In order to mitigate these health risks, individuals are advised against consuming used cooking oil in their homes, and to avoid eating fried food whenever they eat out.

Used cooking oil should be disposed of immediately in order to avoid passing on potential health risks to clients. Unfortunately, most homes and businesses are unaware of how to properly dispose of the waste vegetable oil, and how this has negative repercussions on the environment. Poor disposal methods include pouring this oil down the sink, into the garbage, or onto the street.

The improper disposal of this oil poses a serious risk to the environment in numerous ways. These ways include:

  1. Risk to marine life forms

Most drainage systems lead to a water source such as a pond, river, lake, ocean, or stream, which all have various life forms surviving in them. When waste vegetable oil is disposed of improperly by, for instance, pouring down the drain, it will eventually find its way into a water source. This oil will coat the surface of the water, blocking the free flow of oxygen into the water, thereby suffocating the fish and plant life.

  • Risk to Bird Life

In addition, the oil can coat the feathers of the birds that use the water as a feeding ground. When this happens, the birds will be unable to fly as fast, or even at all, which will greatly hamper their ability to look for food and flee from predators. The oily feathers will also make it difficult for the birds to keep warm, which exposes them to a myriad of respiratory and cold-related issues.

  • Logging

Another major hazard of improperly disposal of Used cooking oil is soil logging. When this oil is disposed of in drains, and sewers, it has the potential of covering or coating any soil it comes across.

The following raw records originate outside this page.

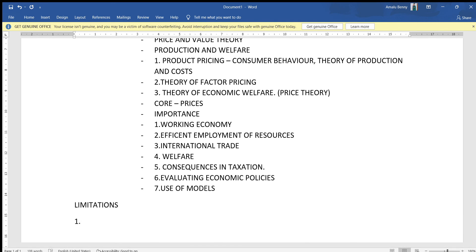The first limitation of microeconomics is the fallacy of composition. What is true for an individual may not be true for the economy as a whole. For example, let's take the concept of thrift. Thrift may be good for individuals, but bad or harmful to the society as a whole.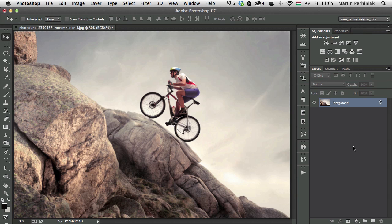Hello and welcome to Tuts Plus, my name is Martin Perhiniak and today I'm going to show you how to work with the gradient map adjustment layer.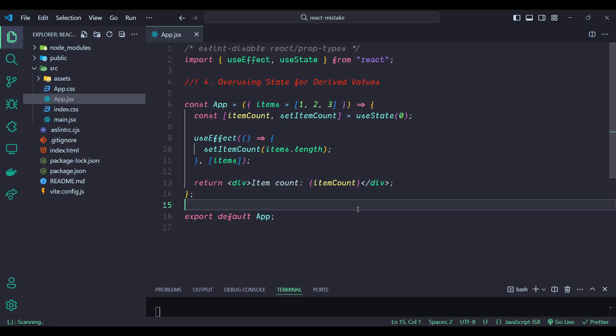itemCount is a derived value that can be calculated directly from items.length. Storing it in state introduces redundant state management. The component will re-render whenever setItemCount is called, even though the derived value could be calculated without affecting the component state. Managing derived values in state adds unnecessary complexity to your code, making it harder to read and maintain.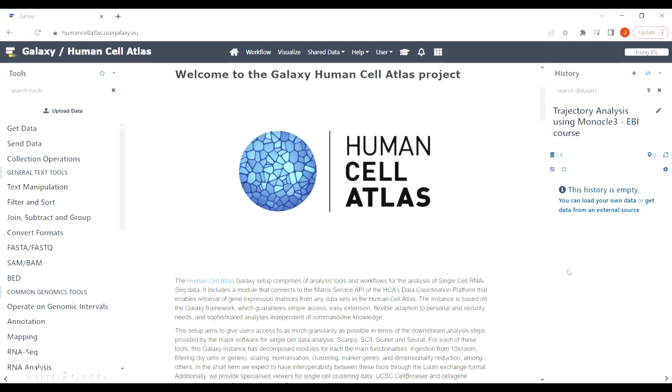Hi, I'm Julia Jekiela and I'm studying medicinal and biological chemistry at the University of Edinburgh. Since I've completed a bioinformatics internship, I basically fell in love with Galaxy and created a tutorial on trajectory analysis using Monocle 3. I'm going to show you now how it works.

The oil will cut off any air supply to the living organisms that are within the soil. The productivity of such soil will also reduce drastically, and when this happens on a large scale, the agricultural potential and output of an area can be severely diminished.

The plants that manage to grow on such soil will most likely have a low nutritional profile, and might be contaminated. When humans and animals consume these vegetables, diseases are likely to occur owing to this contamination.

  • Water contamination

Most of our waters are heavily polluted, and one of the main pollutants is oil, mainly from industrial activities and cooking. As mentioned above, oil-contaminated water is disastrous for all marine life. However, even humans face a myriad of risks owing to this contamination. Consumption of this water in direct drinking, or using it for cooking and washing exposes us to several severe health-compromising compounds and bacteria. Such situations translate into a sicker population, which further burdens the already-strained health resources in a country.

The government of the affected nation will have to put more resources into taking care of the sick instead of into development projects thereby impoverishing the nation further.

Furthermore, a sicker population will result in lower labour productivity, and lead to an economic downturn.